• _Records supplied_
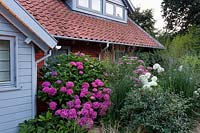 Front garden planting includes: Hydrangea Hortensia, Hydrangea arborescens 'Annabelle', Panicum virgatum 'Heavy Metal', Molinia caerulea subsp. arundinacea 'Transparent', Stipa tenuissima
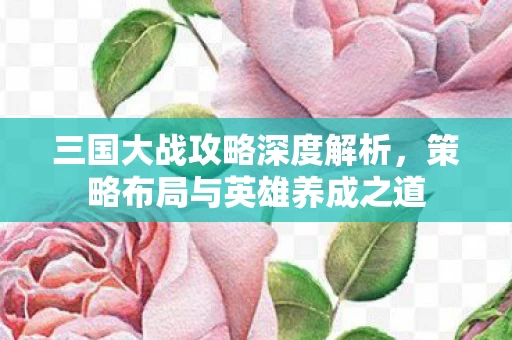 策略布局与英雄养成之道图片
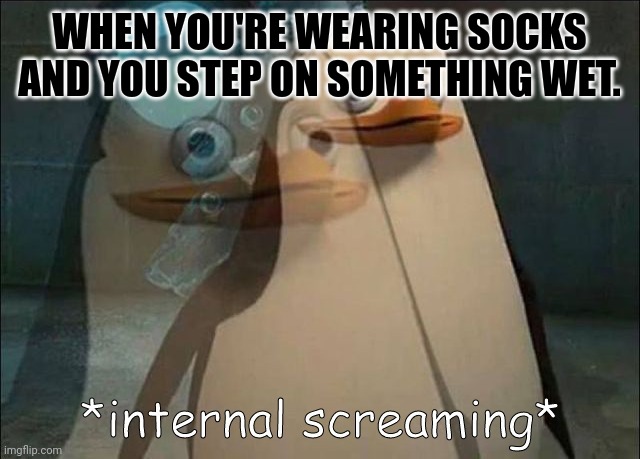 Does this ever happened to you? | WHEN YOU'RE WEARING SOCKS AND YOU STEP ON SOMETHING WET. | image tagged in private internal screaming | made w/ Imgflip meme maker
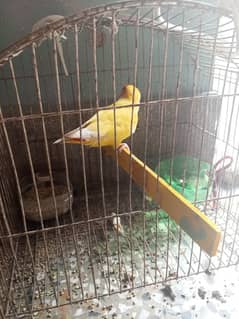 Love bird Latino yellow and red color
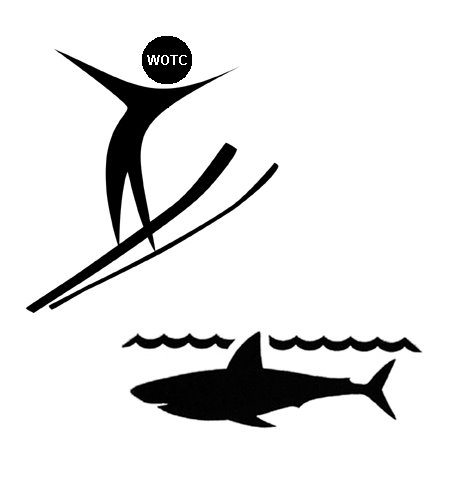 [WOTC+jumps+the+shark.bmp]
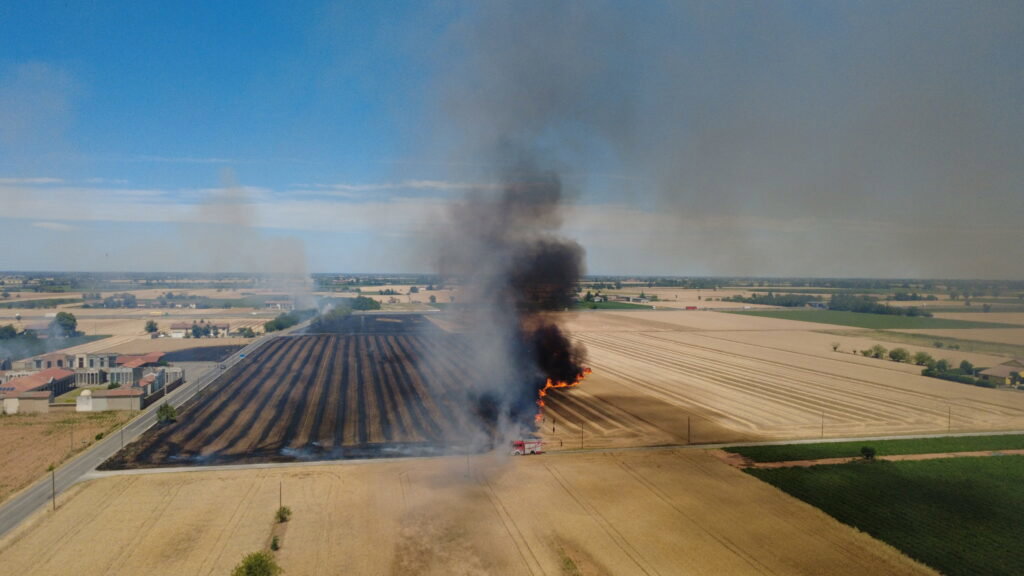 Incendio sterpaglie San Giuliano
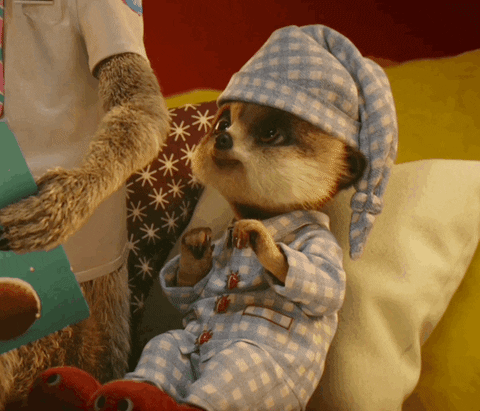 Cute Animated Meerkat Sleepy GIF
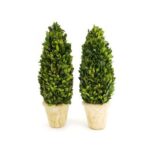 16” Boxwood Topiary in Terracotta Pot - Chic Decora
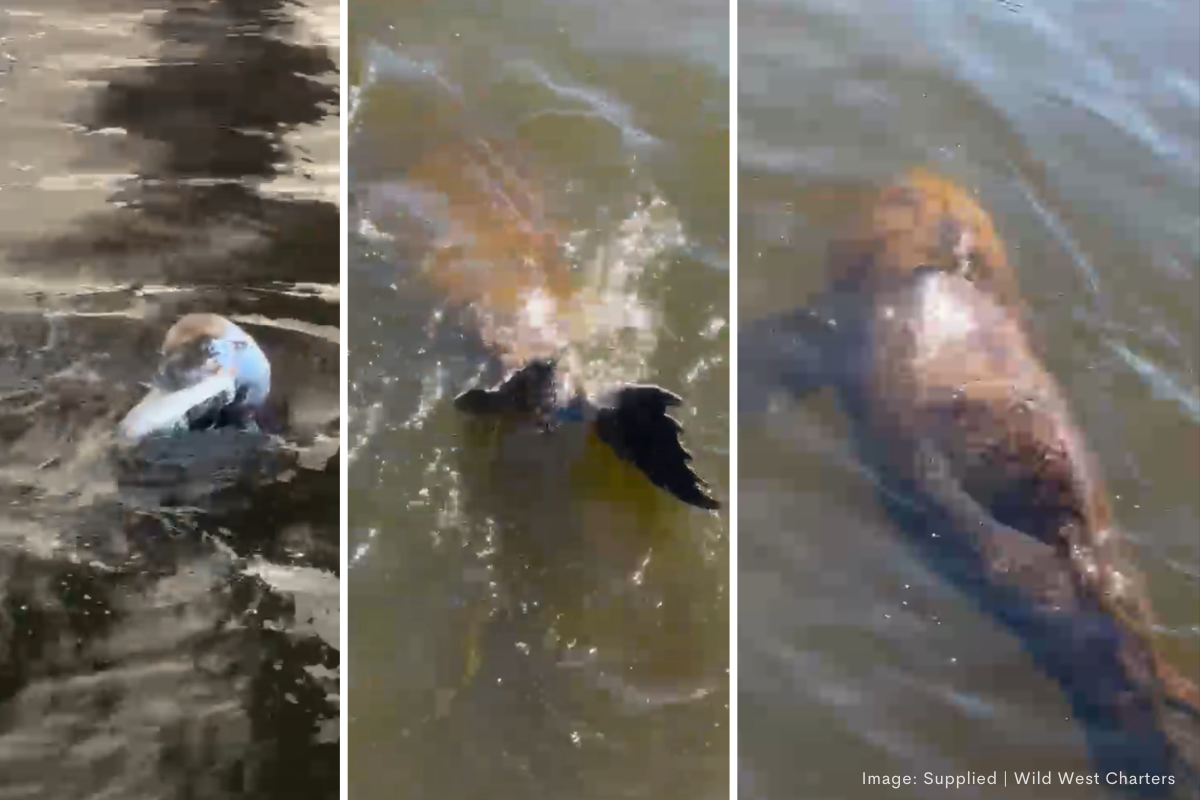 Article image for Feeding bull seal highlights wildlife thriving in Perth’s Swan River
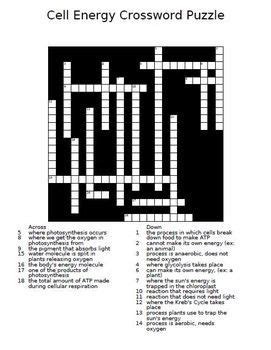 The number of phosphate groups in adp. Cell Energy Crossword Puzzle : This crossword puzzle is ...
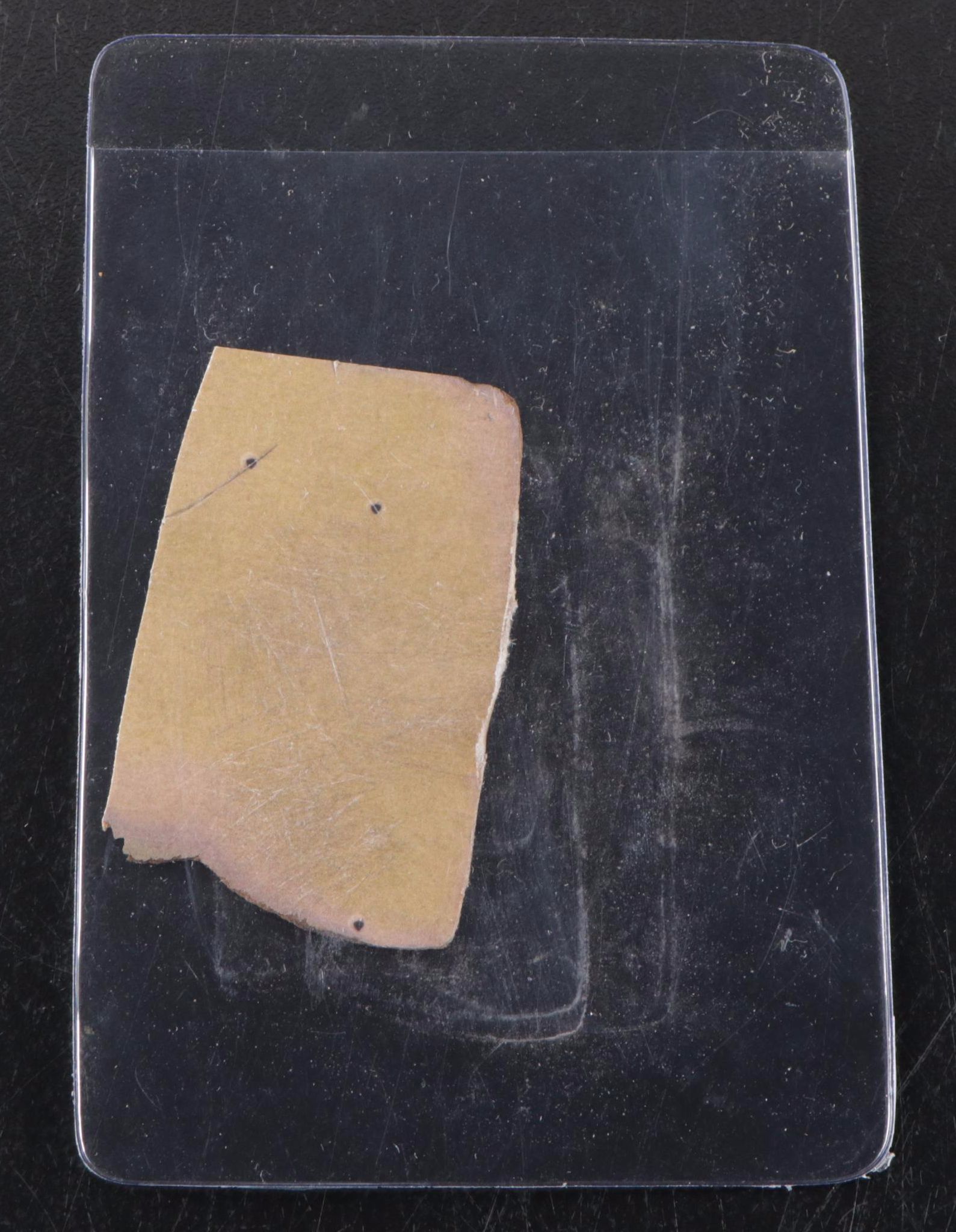 1921 W551 Ty Cobb Baseball Card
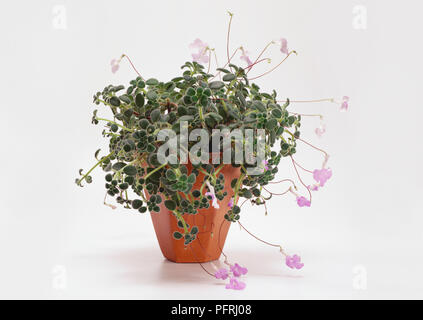 Streptocarpus saxorum (CAP), Primrose dans un pot Banque D'Images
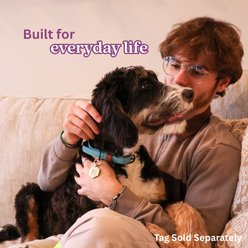 Tailr Waterproof & Odor-Resistant Adjustable Dog Collar, Dusty Turquoise/Leather Brown Loop, Large: 15 to 18-in neck, 3/4-in wide slide 2 of 8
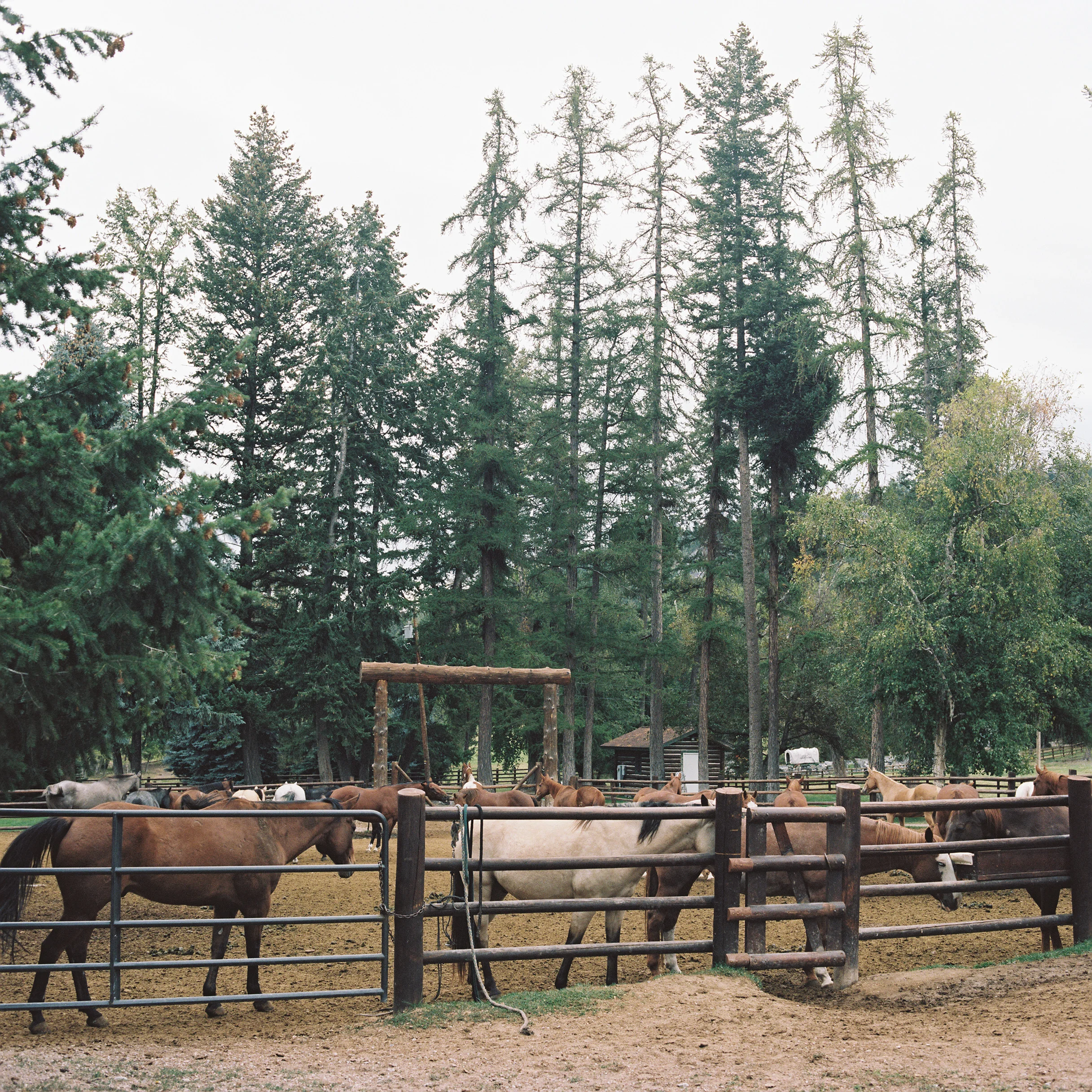 007003-R2-003.jpg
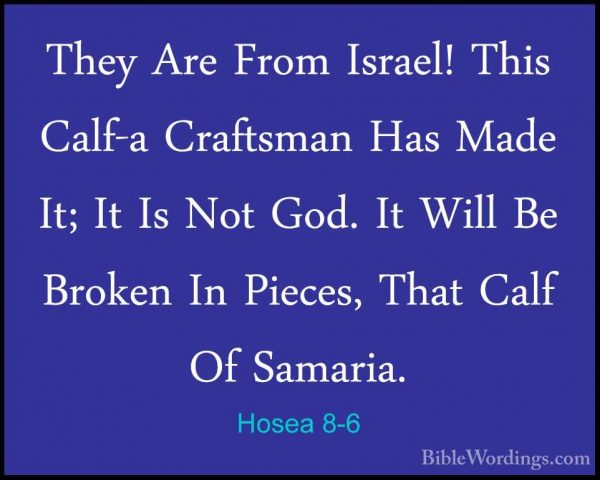 Hosea 8-6 - They Are From Israel! This Calf-a Craftsman Has MadeThey Are From Israel! This Calf-a Craftsman Has Made It; It Is Not God. It Will Be Broken In Pieces, That Calf Of Samaria. 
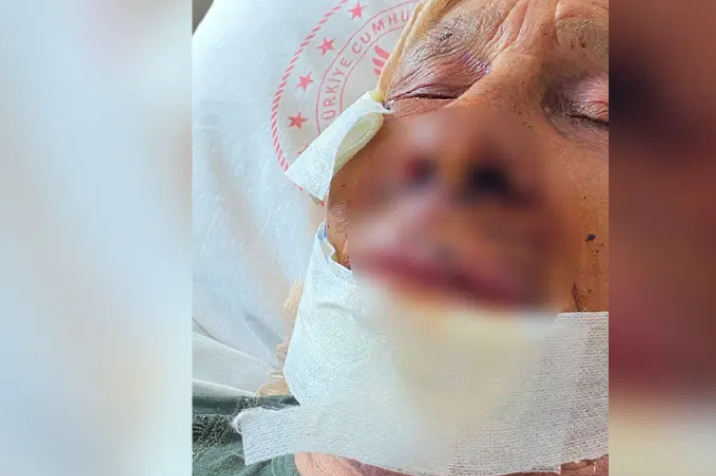 Karısını öldürüp 15 yıl hapis yatan gurbetçi bu kez de 85 yaşındaki annesini dövdü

• _Brief_
All lines from the one that contains "- Chic Decora" through the last line of the data should be retyped exactly, with the pictures left out.

• _Problem solution_
 16” Boxwood Topiary in Terracotta Pot - Chic Decora
 Article image for Feeding bull seal highlights wildlife thriving in Perth’s Swan River
 The number of phosphate groups in adp. Cell Energy Crossword Puzzle : This crossword puzzle is ...
 1921 W551 Ty Cobb Baseball Card
 Streptocarpus saxorum (CAP), Primrose dans un pot Banque D'Images
 Tailr Waterproof & Odor-Resistant Adjustable Dog Collar, Dusty Turquoise/Leather Brown Loop, Large: 15 to 18-in neck, 3/4-in wide slide 2 of 8
 007003-R2-003.jpg
 Hosea 8-6 - They Are From Israel! This Calf-a Craftsman Has MadeThey Are From Israel! This Calf-a Craftsman Has Made It; It Is Not God. It Will Be Broken In Pieces, That Calf Of Samaria. 
 Karısını öldürüp 15 yıl hapis yatan gurbetçi bu kez de 85 yaşındaki annesini dövdü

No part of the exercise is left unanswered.